Bei der Auslegung einer Gesetzesvorschrift ist von ihrem Wortlaut und dem Sinnzusammenhang, in den sie hineingestellt ist, auszugehen. Gegenstand der Auslegung ist der im Gesetz zum Ausdruck gekommene objektivierte Wille des Gesetzgebers (Beschluß des Bundesverfassungsgerichts – BVerfG – 2 BvL 11/59, 11/60 vom 17. Mai 1960, Entscheidungen des Bundesverfassungsgerichts Bd. 11 S. 126 – BVerfGE 11, 126 –).
Aus den Gesetzesmaterialien, insbesondere den Bundestagsdrucksachen V/1068 und zu V/1187, ergibt sich, daß für die Neuregelung verkehrspolitische Überlegungen (Verlagerung des Berufsverkehrs von der Straße auf die Schiene) und haushaltspolitische Erwägungen maßgebend waren. Hinzu kam die Überlegung, daß für die Wahl der Wohnung in erheblicher Entfernung von der Arbeitsstätte ebenso wie allgemein für die Benutzung von eigenen Kfz. für die Fahrten zwischen Wohnung und Arbeitsstätte auch Gründe der privaten Lebensführung eine Rolle spielen, so daß es gerechtfertigt erschien, dies bei der steuerlichen Abzugsfähigkeit der Aufwendungen zu berücksichtigen.
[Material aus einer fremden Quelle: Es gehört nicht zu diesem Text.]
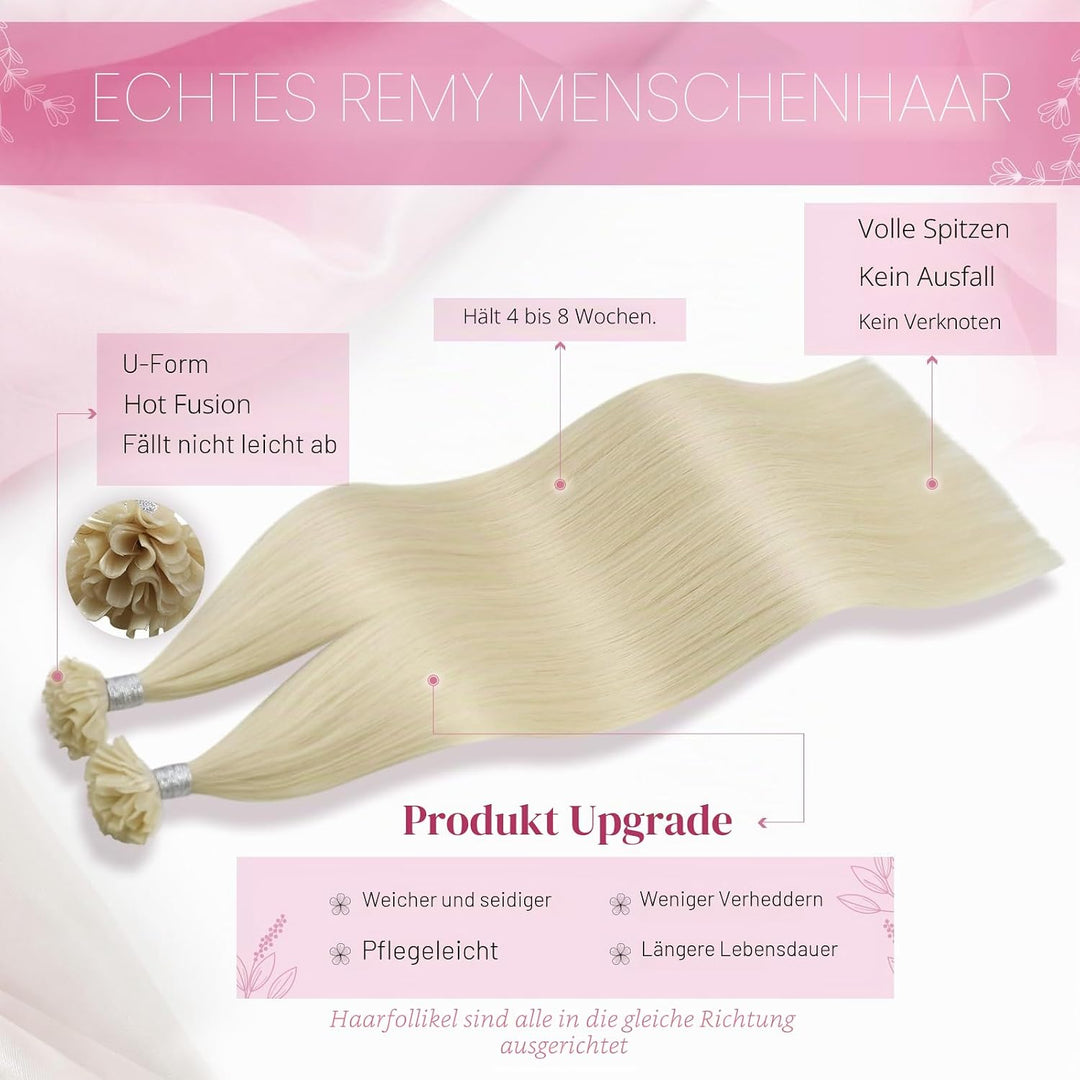 Moresoo Bonding Extensions Echthaar Blond 35cm U Tip Extensions Echthaar Bondings Platinblond Für Tä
Der Inhalt der Regelung in Verbindung mit der Begründung der Neuregelung läßt aber nach der Auffassung des Senats erkennen, daß der Gesetzgeber bei dieser Vorschrift den Regelfall der Durchführung von Fahrten zwischen Wohnung und Arbeitsstätte im Auge hatte. Dieser ist dann gegeben, wenn der Arbeitnehmer am gleichen Arbeitstag zur Arbeitsstätte fährt und nach Hause zurückkehrt. Es ist ebenso zu beurteilen, wenn – etwa bei einer Nachtschicht – die Hinfahrt am einen Tag und die Rückfahrt am folgendes Tag durchgeführt wird. Für diese Auslegung spricht insbesondere der Umstand, daß bei Benutzung eines eigenen Kfz. ausdrücklich auf die je Arbeitstag anfallenden Aufwendungen abgestellt wird. Die Sonderregelung in § 9 Abs. 1 Nr. 4 EStG 1967 gilt dann nicht, wenn der Arbeitnehmer erst nach einer oder mehreren Übernachtungen am Arbeitsort an seinen Wohnort zurückkehrt. Für Aufwendungen, die durch solche Fahrten entstehen, bleibt es bei dem allgemeinen Grundsatz des § 9 Abs. 1 Satz 1 EStG 1967, wonach die durch das Arbeitsverhältnis bedingten Aufwendungen Werbungskosten sind. Dabei ist es gleichgültig, ob sie bei dem ersten oder einem zweiten oder weiteren Dienstverhältnis angefallen sind.
Im Streitfall ist die Entfernung zwischen F. und K. mit rd. 400 km so groß, daß eine Hin- und Rückfahrt am gleichen Tag ausgeschlossen erscheint. Nach den Feststellungen des FG hat der Steuerpflichtige im Streitjahr insgesamt nur 23 Fahrten zwischen F. und K. durchgeführt. Es handelt sich hiernach nicht um einen Sachverhalt der Art, wie er von der Regelung in § 9 Abs. 1 Nr. 4 EStG getroffen werden soll. Die in dieser Vorschrift enthaltenen Beschränkungen gelten deshalb für den Streitfall nicht.
Die Sache war an das FG zurückzuverweisen, das die Höhe der als Werbungskosten berücksichtigungsfähigen Aufwendungen festzustellen haben wird.